Dr. Thompson is a doctor from Utah with a special-needs daughter who feels he has been personally attacked.
I did not see anything personal in Ecton Manning's letter (Spectrum, Aug. 8) but, if anyone felt there was, hopefully Mr. Manning's public apology suffices to put that matter to rest.
I am blessed with a child who does not have learning or emotional disabilities and she is very special to me.
She went to our local New Milford schools to be educated by trained professional teachers and administrators. We trusted them to provide a quality education and encouraged her to work hard and were not disappointed.
We also accepted the fact special-needs children required a disproportionate amount of resources that reduced the amount of resouces available for our child and children like her.
We did not like this but accepted it as a policy determined by highly trained professionals with expertise in the field.
Although my intuition and unprofessional opinion is that mainstreaming special-needs children costs taxpayers and takes scarce resources away from our most talented children, I accept the policy and defer to the multitude of highly trained and specialized professionals who have devoted their lives and careers researching this particular field of education and reserve my opinion for discussions with friends over a beer, and apparently letters to The Spectrum.
The problem I have is the beneficiaries of special-needs education seem to be waging a legal war on the very system trying to help them.
It does not make sense to me that we must allocate disproportionate resources to specific classes of children with certain special needs and then not be able to test those children for the very issues those resources are being allocated to address.
Frankly, I have no problem with my child being tested for attributes, dispositions, social skills, attitudes and intra-personal resources and wonder why someone would devote time and money to challenge those standards.
Aren't these some of the areas that would help a person be successful in the real world? Without the data on a child's skill level, how can we help them compete in an ever-challenging global marketplace?
I understand the information from those tests may be used to categorize children in certain classes and parents might want to protect their children from that. But what about the rights of everyone else?
If your child has higher reading, writing and arithmetic scores than my child, I can't challenge a prospective college's right to evaluate that information in determining who is accepted.
So why can't a child's other skill sets be made available for evaluation?
I believe the public education system is a right and not a privilege and everyone should have the same rights as everyone else.
When our educational system becomes the target of costly litigation to protect a privileged class, then we are all at risk.

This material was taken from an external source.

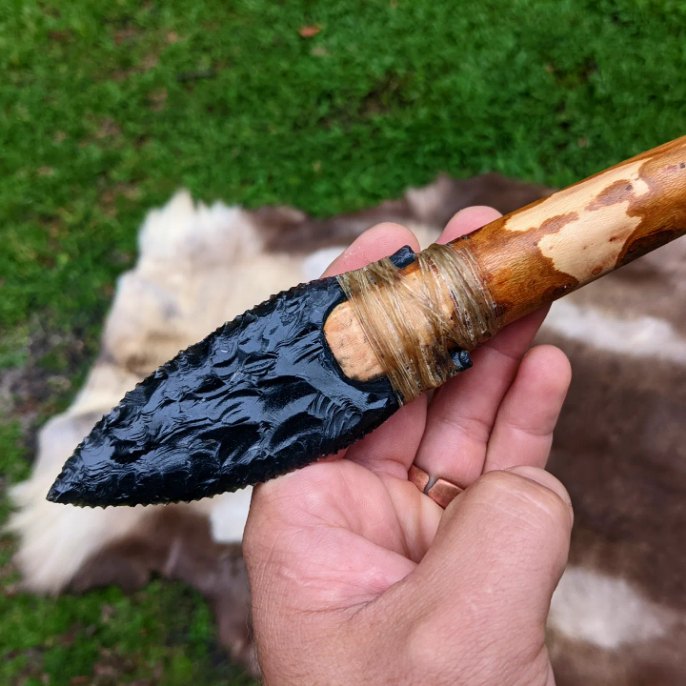 Black Obsidian Bison Skinner Stone Knife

I do not have the expertise to testify before legislatures and file lawsuits or the will to demand extra services for my child.
But I do have a voice and I am raising it to say we are very fortunate to have a public educational system for everyone, and my hope is it is not destroyed by a few with a narrow agenda.
Having said all that, I do try to be a good and kind person and understand how hard it must be to have a cherished and loved child with special needs the parents feel are not being addressed.
I take my civic responsibility to share in providing for all those in need in my community very seriously.